After reading Linderman's sticky to get familiar with overclocking, all you need to do to get 3.6 is change you your CPU host frequency to 400mhz, SPD to 2.2, and set the vaoltage control to manual. With those setting you would running at 3.6ghz on a 1:1 ratio so your memory will running at its stock speed of 800mhz.

I would also recommend a better quality power supply 550w or better. The only Coolmaster unit worth owning is the Real Power Pro Series.


----------



## greenbrucelee (Apr 24, 2007)

mattlock said:


> 3.6 should be attainable with aout a Vcore increase, but you'll need to set the voltage control to manual or the board will automatically over volt the CPU. My E8400 is doing 3.6 @ 1.22v.
> 
> After reading Linderman's sticky to get familiar with overclocking, all you need to do to get 3.6 is change you your CPU host frequency to 400mhz, SPD to 2.2, and set the vaoltage control to manual. With those setting you would running at 3.6ghz on a 1:1 ratio so your memory will running at its stock speed of 800mhz.
> 
> I would also recommend a better quality power supply 550w or better. The only Coolmaster unit worth owning is the Real Power Pro Series.


Thats quite a high Vcore setting, when I was running at 4GHz I have my vcore at 1.218 I am now at 3.91 and vcore is 1.18  raising the vcore isn't always necessary.


----------



## mattlock (Dec 28, 2005)

greenbrucelee said:


> Thats quite a high Vcore setting, when I was running at 4GHz I have my vcore at 1.218 I am now at 3.91 and vcore is 1.18  raising the vcore isn't always necessary.


As you know, no two processors are the same. 

My default VID is somewhere between 1.22v and 1.23v (I've had it OCed so long I don't recall the exact Vcore.) I was able to under volt to 1.18v at 3.6ghz for a little while but started experiencing some system stability issues.

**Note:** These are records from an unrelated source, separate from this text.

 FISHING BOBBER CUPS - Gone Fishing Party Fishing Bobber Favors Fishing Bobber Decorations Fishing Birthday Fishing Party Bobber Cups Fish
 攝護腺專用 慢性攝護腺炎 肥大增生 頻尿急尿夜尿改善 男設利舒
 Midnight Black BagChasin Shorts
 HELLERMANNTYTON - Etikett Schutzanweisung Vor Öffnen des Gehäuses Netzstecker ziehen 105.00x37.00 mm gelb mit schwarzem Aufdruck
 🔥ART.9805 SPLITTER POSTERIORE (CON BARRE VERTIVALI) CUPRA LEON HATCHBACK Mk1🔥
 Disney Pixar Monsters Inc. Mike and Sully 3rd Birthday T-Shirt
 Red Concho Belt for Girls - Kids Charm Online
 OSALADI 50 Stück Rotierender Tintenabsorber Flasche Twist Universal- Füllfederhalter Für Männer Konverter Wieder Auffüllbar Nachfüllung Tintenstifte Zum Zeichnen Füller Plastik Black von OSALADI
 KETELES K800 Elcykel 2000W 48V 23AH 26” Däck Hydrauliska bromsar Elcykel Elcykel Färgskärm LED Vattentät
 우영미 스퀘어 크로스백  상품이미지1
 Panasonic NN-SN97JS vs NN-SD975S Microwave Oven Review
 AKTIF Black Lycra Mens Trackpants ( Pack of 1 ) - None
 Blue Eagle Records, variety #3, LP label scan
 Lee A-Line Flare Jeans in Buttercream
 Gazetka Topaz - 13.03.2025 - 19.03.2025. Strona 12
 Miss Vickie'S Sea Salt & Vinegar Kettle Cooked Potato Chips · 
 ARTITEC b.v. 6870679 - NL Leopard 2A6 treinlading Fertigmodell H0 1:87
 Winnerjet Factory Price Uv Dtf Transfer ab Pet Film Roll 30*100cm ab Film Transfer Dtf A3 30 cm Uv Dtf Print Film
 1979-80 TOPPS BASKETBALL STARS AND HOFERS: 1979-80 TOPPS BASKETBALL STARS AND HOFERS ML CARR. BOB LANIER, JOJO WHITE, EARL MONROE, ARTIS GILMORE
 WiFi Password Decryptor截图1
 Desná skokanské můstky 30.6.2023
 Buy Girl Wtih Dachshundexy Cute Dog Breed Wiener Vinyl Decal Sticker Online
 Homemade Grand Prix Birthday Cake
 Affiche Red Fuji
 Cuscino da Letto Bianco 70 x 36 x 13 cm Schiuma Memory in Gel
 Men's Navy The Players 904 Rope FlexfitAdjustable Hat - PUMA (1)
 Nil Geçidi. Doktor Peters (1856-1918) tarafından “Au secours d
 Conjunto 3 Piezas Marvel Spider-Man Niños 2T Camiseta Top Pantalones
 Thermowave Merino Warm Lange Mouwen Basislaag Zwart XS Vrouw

My 1st OC on this CPU was running daily @ 4ghz on 1.28v. After a couple of months, I had to increase the Vcore to 1.32v due system stability issues. My current voltage is actually @ 1.225v (1.216v with Vdroop). 1.22v is by no means a high Vcore for an E8xxx, considering the fact that by Intel specs the VID could be as high a 1.36v (I've personally seen the default as high as 1.28v on E8400s and never anything lower than 1.20v) :wink:


----------



## greenbrucelee (Apr 24, 2007)

mattlock said:


> As you know, no two processors are the same.
> 
> My default VID is somewhere between 1.22v and 1.23v (I've had it OCed so long I don't recall the exact Vcore.) I was able to under volt to 1.18v at 3.6ghz for a little while but started experiencing some system stability issues.
> 
> My 1st OC on this CPU was running daily @ 4ghz on 1.28v. After a couple of months, I had to increase the Vcore to 1.32v due system stability issues. My current voltage is actually @ 1.225v (1.216v with Vdroop). 1.22v is by no means a high Vcore for an E8xxx, considering the fact that by Intel specs the VID could be as high a 1.36v (I've personally seen the default as high as 1.28v on E8400s and never anything lower than 1.20v) :wink:


I have it set not to go higher thean 1.2 but generally get 1.18 when runnng at full load on something like crysis. I had a few BSODS when running at 4GHz that was when I had the vcore at 1.218. Maybe I should have had it set it higher.


----------



## thaFunkster (Jul 19, 2009)

Hmm, well thanks for replies guys, I have to admit its a bit like goobelligook to me right now, yeah I know what voltage is, but as to what It should be on a cpu, and how to change it I am lost. Will go read the sticky and come back. Ta.


----------



## linderman (May 20, 2005)

just get us your ram stick model numbers (cpu-z for that info)

how many case fans and where are they ........which direction does each fan move air

which cpu cooler are you using ? the stock intel cooler that came with the cpu ?

after that we can give you a bios snapshot to look at and copy


----------



## thaFunkster (Jul 19, 2009)

OK:

* RAM*

Wierd, CPUz says:

Slot #1: Kingston PC2 (400mhz)
LAtency: JEDEC1: 4.0 JEDEC2: 5.0 JEDEC3:6.0
Slot#2: Corsair PC-2 (400mhz)
JEDEC1: 4.0 JEDEC2: 5.0 _NO JEDEC3 LISTED?_

Memory is running in dual channel.

* CASE FANS*

THere is one case fan attached to the PSU, which is mounted at the top rear of the case (when standing). THe fan sucks upwards, and pushes the air backwards.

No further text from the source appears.